RECORDS
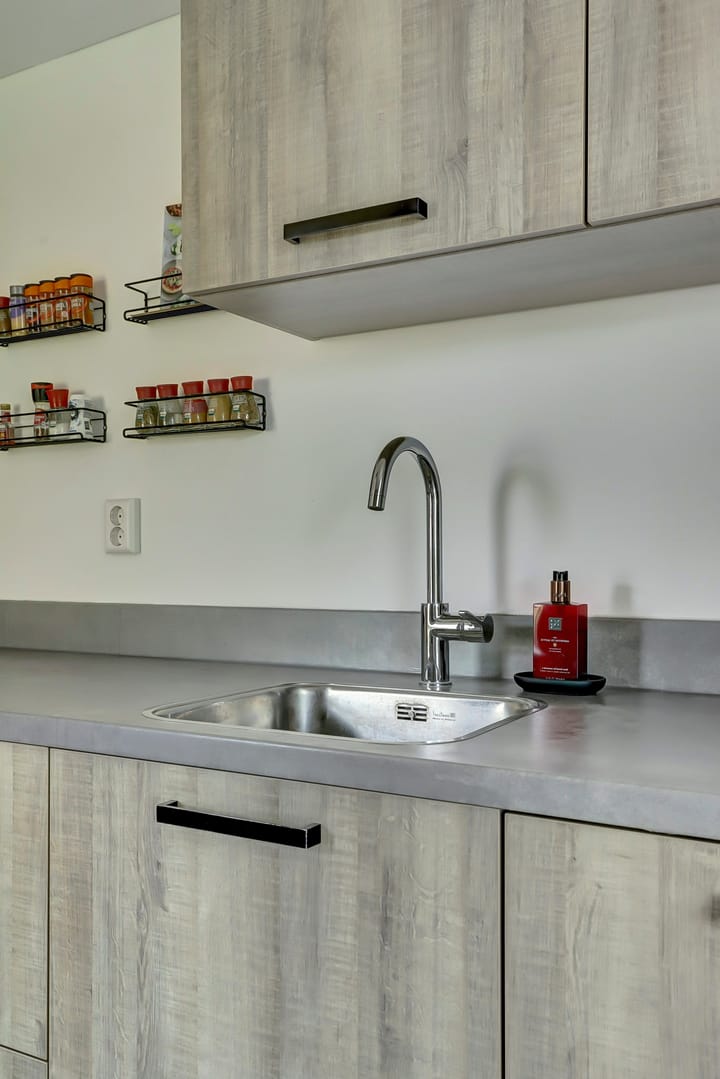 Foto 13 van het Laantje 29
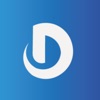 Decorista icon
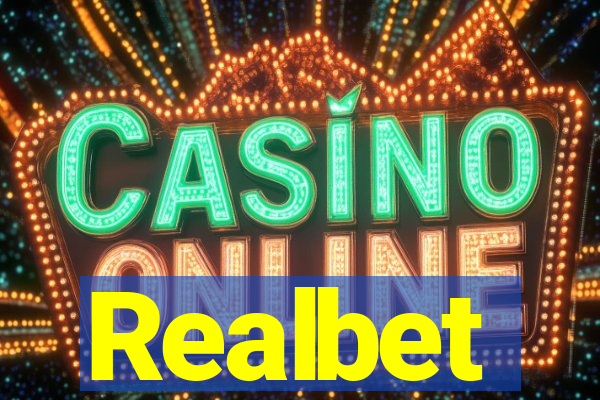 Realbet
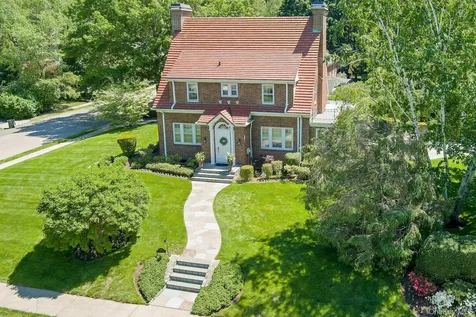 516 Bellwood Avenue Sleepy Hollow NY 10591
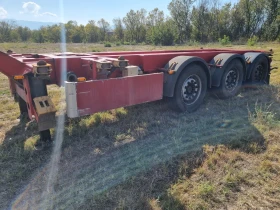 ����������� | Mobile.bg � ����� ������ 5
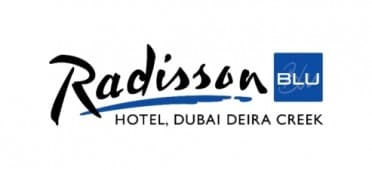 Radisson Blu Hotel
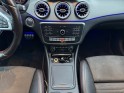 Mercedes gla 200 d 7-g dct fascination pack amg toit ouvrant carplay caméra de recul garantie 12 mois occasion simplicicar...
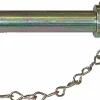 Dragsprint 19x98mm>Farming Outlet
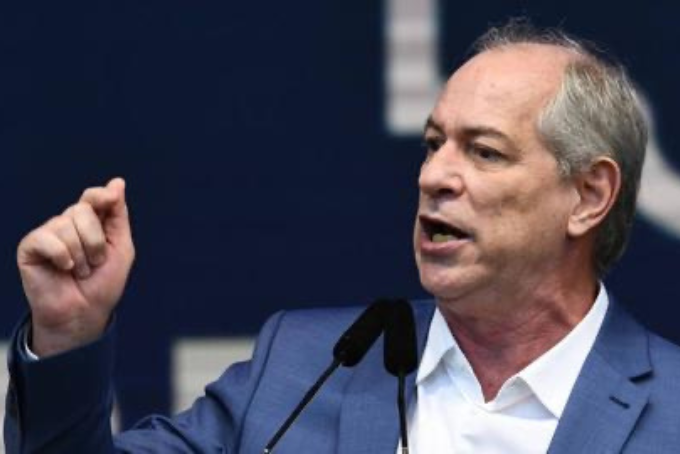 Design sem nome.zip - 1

WHAT TO DO
Set down exactly, and only, the lines from the one holding "516 Bellwood Avenue Sleepy Hollow NY 10591" to the end of the records above, leaving every picture out.

REPLY TO THE EXERCISE
 516 Bellwood Avenue Sleepy Hollow NY 10591
 ����������� | Mobile.bg � ����� ������ 5
 Radisson Blu Hotel
 Mercedes gla 200 d 7-g dct fascination pack amg toit ouvrant carplay caméra de recul garantie 12 mois occasion simplicicar...
 Dragsprint 19x98mm>Farming Outlet
 Design sem nome.zip - 1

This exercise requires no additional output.